Cigar:Liga Privada L40
Size: 7 x 40 Lancero
Wrapper: Connecticut River Valley Stalk Cut & Cured Sun Grown Habano
Cost: $13
Drinking: White coffee (Milk and Sugar)

Humidor conditions:
RH: 67%
Temp: 72 F (Texas)
Rest: 2 months










Appearance:
This cigar has a very dark toothy, veiny wrapper. the wrapper also has shades of dark reddish brown spots, almost like rusty metal. Its also a bit rough to the touch, has a good firm pack as well.

Pre-Light Draw:
Light woodsy and sweet draw, rather tight but doesn't seem restrictive.

First Light:
I am created with a nice light spice and paper accompanied by a light leather










First 1/3: 
Shortly after the initial flavors this cigar begins to take on a sweeter less peppery profile. Smoke is plentiful and the draw is still a little tight but not effecting how it smokes nor am i struggling to get a good draw. Earthy smoke with notes of chocolate, coffee and a light spice on the finish. This rich sweet smoke stays very consistent throughout the first 1/3rd, nothing has changed since the first light, very delicious cigar so far. Full-Body










Second 1/3:
More of the same profiles continue into the 2/3rd, i begin to get a mixture of flavors, a lingering leather accompanies the earthy core. The spice finish has turned more towards a heat, i get a tingle throughout my nose after the retrohale. Smoke is becoming creamier with each draw and has loosened up a bit as well, the draw is near perfect now. Towards the end of this third, i noticed a slight shift, the spice has dropped off and the smoke has become a nice creamy chocolate, the smoke output is getting thicker as i smoke. Still a very good cigar, Med-Full Body










Final 1/3:
This is a great cigar! Earthy core with a sweet chocolate front, the finish changes as well, from spice to woodsy deep oak finish. Suddenly....the cigar went out?! WTF?! I sat it down for no more than 2 min while i wrote notes...uggghhh relighting a cigar this far into it can change the profile. Sure enough, The heat and spice returns and the smoke takes on a bit of grittiness, it doesn't last long but for a few draws you can taste it. As i cross the band point the sweetness fades away and taking the front is that deep woodsy oak that started coming into the picture earlier. I nubbed this cigar down to my finger tips, it was a great cigar. Full in body










Burn and Ash:
The burn was great aside from the time it put itself out. No funny burning or running. The ash was pretty solid too, held together for about 2" at each time if i didn't knock it off by accident.

Smoke time:
1 hour 20 minutes

Final Thoughts:
A very good cigar, rich full bodied most of the time, nice creamy smoke without much strength. The cigar never left me bored and the chocolatey profile was very nice.
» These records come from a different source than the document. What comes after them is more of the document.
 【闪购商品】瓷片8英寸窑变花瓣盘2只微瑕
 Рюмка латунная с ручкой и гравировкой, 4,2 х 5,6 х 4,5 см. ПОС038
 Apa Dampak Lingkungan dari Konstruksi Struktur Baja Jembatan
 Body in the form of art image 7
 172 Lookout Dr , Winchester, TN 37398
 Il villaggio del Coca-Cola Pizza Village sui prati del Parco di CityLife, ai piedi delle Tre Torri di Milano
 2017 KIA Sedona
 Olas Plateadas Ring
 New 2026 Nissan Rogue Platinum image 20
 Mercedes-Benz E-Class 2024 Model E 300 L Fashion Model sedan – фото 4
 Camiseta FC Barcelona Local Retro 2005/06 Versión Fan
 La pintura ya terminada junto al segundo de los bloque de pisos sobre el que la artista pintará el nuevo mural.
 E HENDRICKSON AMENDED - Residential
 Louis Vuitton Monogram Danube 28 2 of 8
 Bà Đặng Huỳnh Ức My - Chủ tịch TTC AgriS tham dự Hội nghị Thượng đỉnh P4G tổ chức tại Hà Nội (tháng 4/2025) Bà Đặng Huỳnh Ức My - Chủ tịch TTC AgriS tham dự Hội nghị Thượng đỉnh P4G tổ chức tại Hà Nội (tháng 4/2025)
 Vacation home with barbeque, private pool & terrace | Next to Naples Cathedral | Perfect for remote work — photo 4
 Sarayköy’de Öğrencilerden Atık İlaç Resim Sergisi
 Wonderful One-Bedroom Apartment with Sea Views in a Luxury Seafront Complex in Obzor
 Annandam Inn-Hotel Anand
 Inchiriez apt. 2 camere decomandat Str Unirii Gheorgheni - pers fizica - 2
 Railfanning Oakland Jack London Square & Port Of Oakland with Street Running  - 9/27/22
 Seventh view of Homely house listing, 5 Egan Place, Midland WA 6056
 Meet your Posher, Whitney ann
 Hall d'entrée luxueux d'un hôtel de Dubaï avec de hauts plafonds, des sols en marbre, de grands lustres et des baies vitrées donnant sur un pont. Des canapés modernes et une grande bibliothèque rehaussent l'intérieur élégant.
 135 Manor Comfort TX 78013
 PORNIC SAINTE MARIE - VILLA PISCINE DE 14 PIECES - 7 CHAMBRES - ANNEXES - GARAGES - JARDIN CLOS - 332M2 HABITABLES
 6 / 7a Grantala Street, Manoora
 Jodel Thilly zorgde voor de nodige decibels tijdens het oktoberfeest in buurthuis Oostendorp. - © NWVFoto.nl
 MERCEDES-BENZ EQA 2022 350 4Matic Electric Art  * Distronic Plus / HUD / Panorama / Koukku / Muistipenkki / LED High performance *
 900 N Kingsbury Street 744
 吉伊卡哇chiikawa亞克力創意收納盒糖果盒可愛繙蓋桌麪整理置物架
I would recommend this cigar everyone and its worthy of the $13 price tag.


----------



## TonyBrooklyn

Nice review thanks!


----------



## Cypress

Great review.


----------



## Livin' Legend

Nice review, and that's a gorgeous cigar. I don't often smoke that type (no particular reason for that), but I love the look of them, and I'll have to get ahold of these bad boys.


----------



## VAcigars

Nice review, can't wait till I am able to get my hands on one to try


----------



## Pasty

Nicely done, thanks for sharing!

If only they were easier to find out:


----------



## dscl

I need to verify this review - someone find me one


----------



## Blueracer

Very Nice Review! Great stick! Like to throw some FFPs out for some more L40s!


----------



## Gordo1473

I just found one of these at my local b&m. I'm looking forward to this one


----------



## Themadlbb

Wow...I need to find one of these STAT.


----------



## smithjason

Where are those cigars are from???


----------



## Backburner6789

I love this cigar. The draw was perfect but was a little under filled. Still a good stick though.


----------



## ACasazza

smithjason said:


> Where are those cigars are from???


They are a Drew Estate production.


----------



## ejewell

smithjason said:


> Where are those cigars are from???





ACasazza said:


> They are a Drew Estate production.


From Nicaragua. :smoke: Estelli, specifically.


----------



## Scott W.

I smoked one about two weeks ago and it was a verrrrrrrry good smoke


----------



## chestrockwell80

Thanks for the great review


----------



## RayJax

Awesome review! Thanks for posting it up even if it is for the fourth time!


----------



## cmitch

I had one of these about a month ago. Retail $15. I was not impressed with the L40 nor the Dirty Rat. I'll stick with the #9 's and T52's along with the FFP's, which is the best LP made, IMHO.


----------



## waltah

Sounds like it's right up my alley. I'll be sure to give one a try (if I can find em). Nice review and great pics!


----------



## s55amgxxx

great review gotta try one of these


----------



## USHOG

Great review The L40 is a very good smoke I agree 100%


----------



## chRONIC

Got one in a trade from @USHOG. Can't wait to try it now! Thanks brother!!!


----------



## penna stogey

Awesome review, well done sir. Coming soon. P-S


----------



## brownpeter335

It's a great cigar with Cured Habano covering, Brazilian Mata Fina ring binder and Honduran and Nicaraguan fillers. I want to smoke it again and again.


----------